2. The method according to claim 1, wherein exposing at least one end of the optical waveguide is performed by laser, drilling, or milling.

3. The method according to claim 1, wherein the at least one end of the optical waveguide is enclosed by a protective envelope, which is at least partially opened or removed after exposing of the at least one end.

4. The method according to claim 1, wherein the exposed end of the optical waveguide is prepared.

5. The method according to claim 4, wherein preparing the end of the optical waveguide comprises polishing or grinding.

6. The method according to claim 1, wherein the coupling component is configured to conduct a light beam introduced into the end of the optical waveguide into and/or a light beam guided out of the end of the optical waveguide out of the laminate component.

7. The method according to claim 6, wherein the coupling component is configured to change a shape of the light beam by beam shaping.

8. The method according to claim 1, wherein the coupling component is fixedly connected to the laminate component.

9. The method according to claim 8, wherein the coupling component is fixedly connected to the laminate component by a screw connection, clamping, and/or adhesive bonding.

10. The method according to claim 1, wherein the predetermined position of the at least one optical waveguide comprises orientation of the optical waveguide in the laminate component.

11. The method according to claim 1, further comprising attaching a connecting element to the coupling component.

12. The method according to claim 11, wherein the connecting element is an optical plug and/or wherein the connecting element has a device for widening a light beam.

13. The method according to claim 1, wherein the optical waveguide is a sensor and/or communication fiber.

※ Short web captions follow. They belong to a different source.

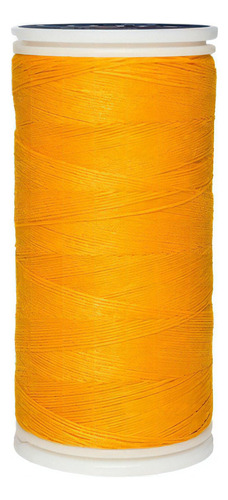 Caja 12 Pzas Hilo Coats Poliéster Liso 3 Cabos Fibra Corta Color T6980-0121 Mandarina
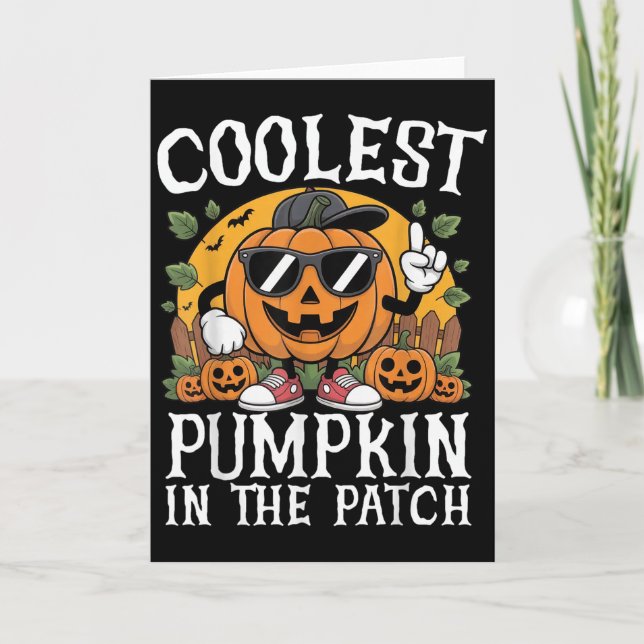 Halloween Shirts Boys And Kids Coolest Pumpkin In  Karte (Vorderseite)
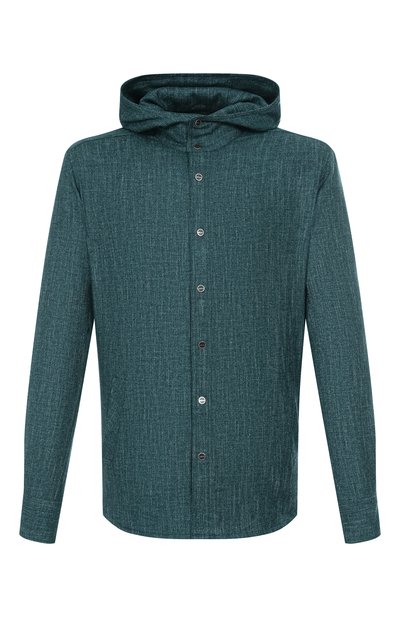 Мужская рубашка из шерсти и шелка KITON, арт. UMCMARK0119G12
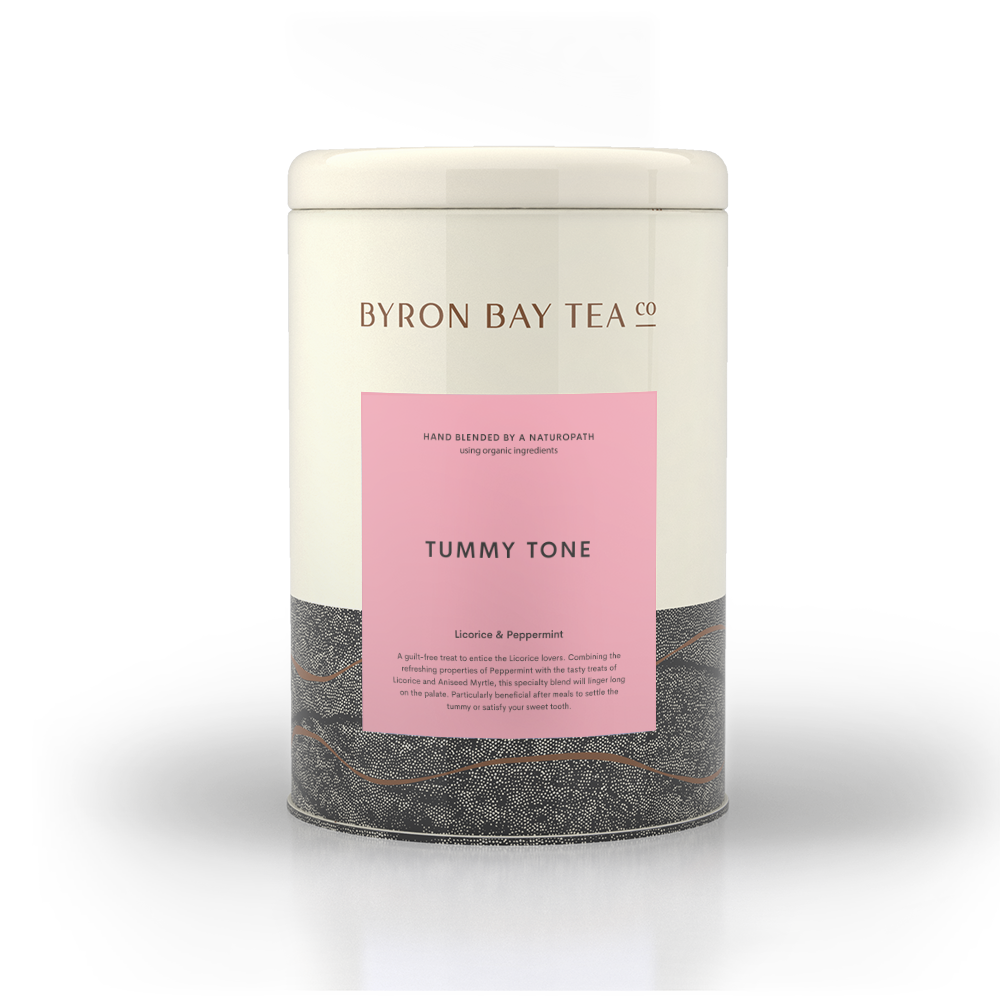 Tummy Tone Teabag Tin 50tb Certified Organic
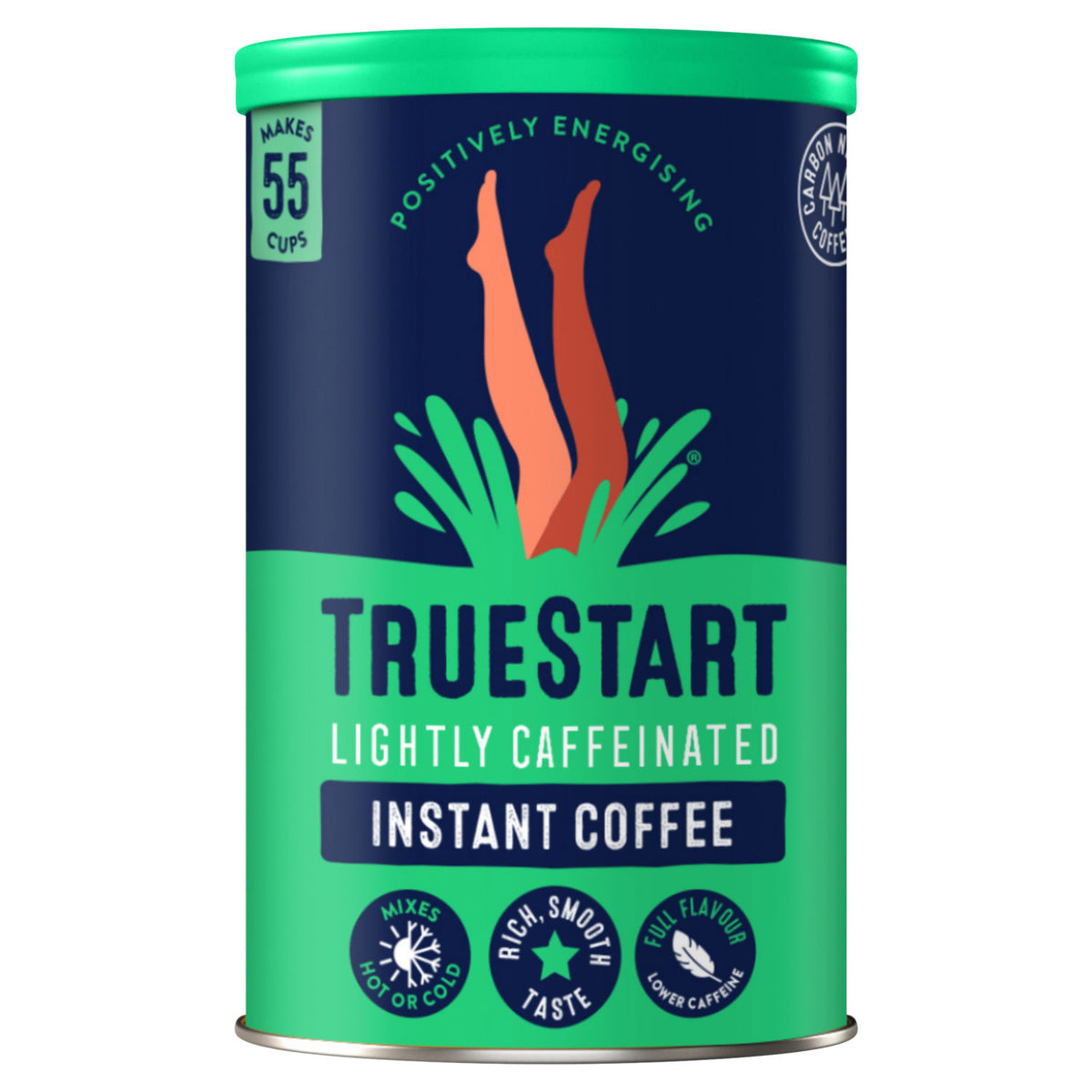 TrueStart instant coffee lightly caffeinated 100g, imported from the UK
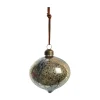 Lene Bjerre Nosille kerstbal 10 cm, Zilver-goud< Kerstdecoraties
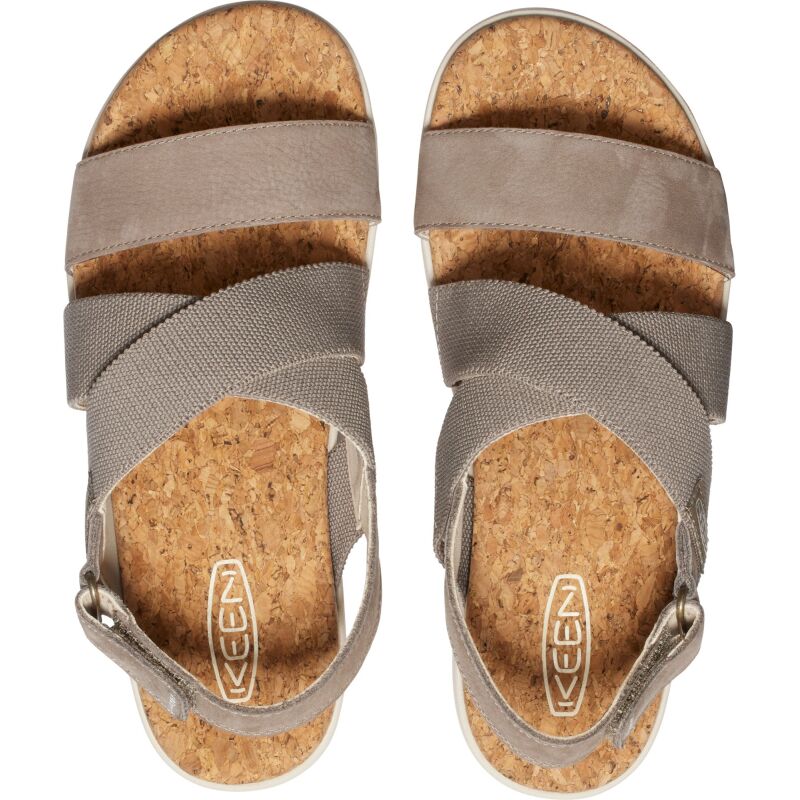 Keen Elle Criss Cross Sandal Women's BRINDLE/BIRCH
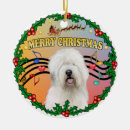 Search for old english sheepdog ornaments Dogs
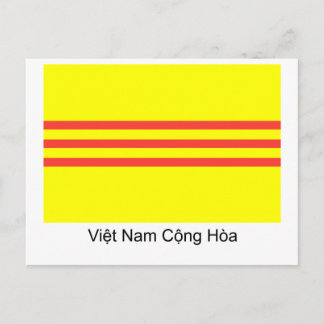 VNCH-vlag Briefkaart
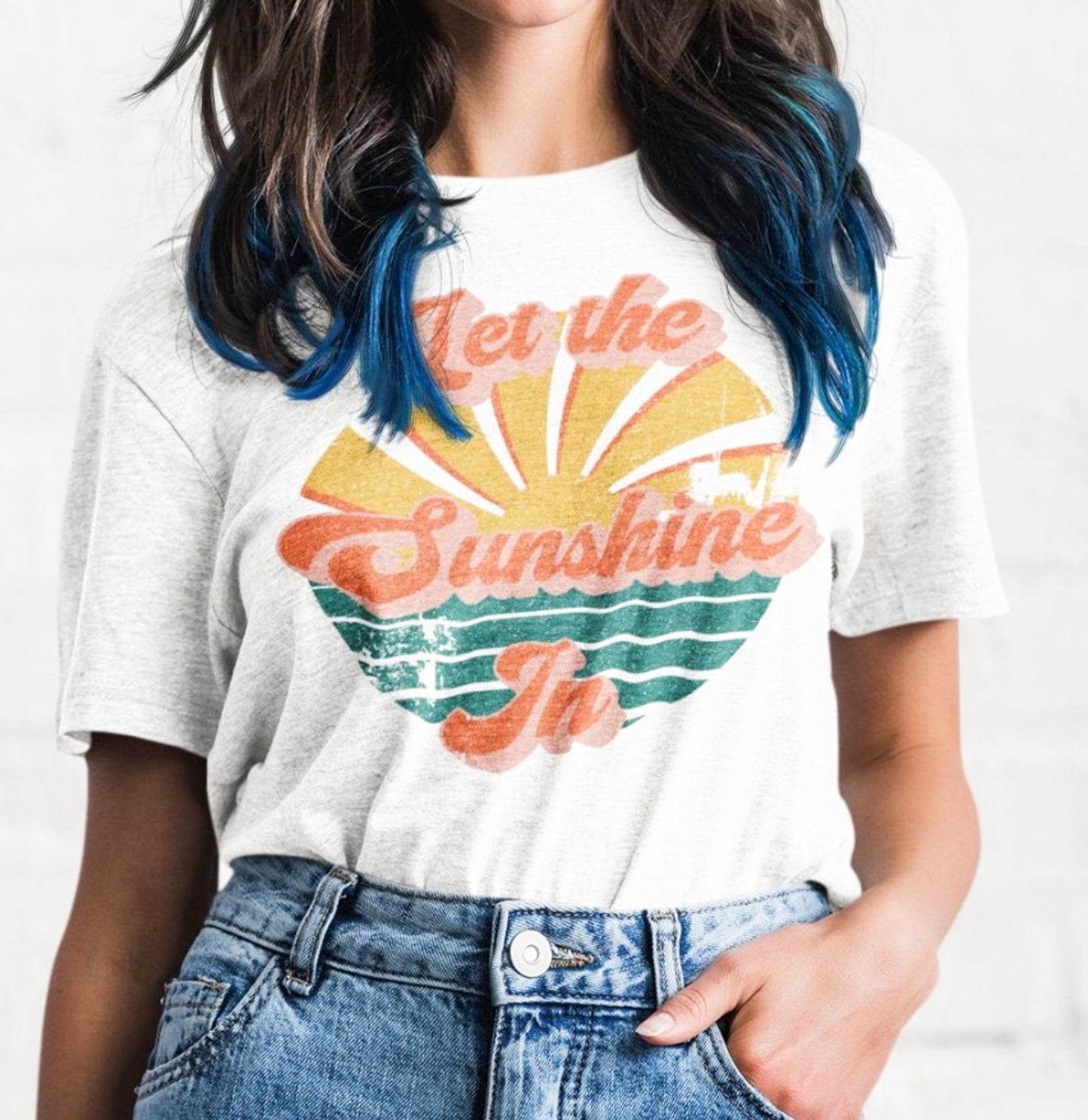 Let The Sunshine In T-Shirt or Crew Sweatshirt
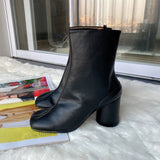 goosudu Luxury Brand Designer Split Toe Ankle Boots New Fashion Chunky Round High Heels Women Boots Winter Tabi Shoes Short Boots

14. The method according to claim 1, wherein the optical waveguide has a fiber Bragg grating, which forms a mechanical and/or optical sensor.

15. A laminate component comprising:

at least one optical waveguide;

wherein the optical waveguide is completely embedded in the laminate component;

at least one coupling component which is connected to at least one exposed end of the at least one optical waveguide; and

wherein the coupling component is fixedly connected to the laminate component.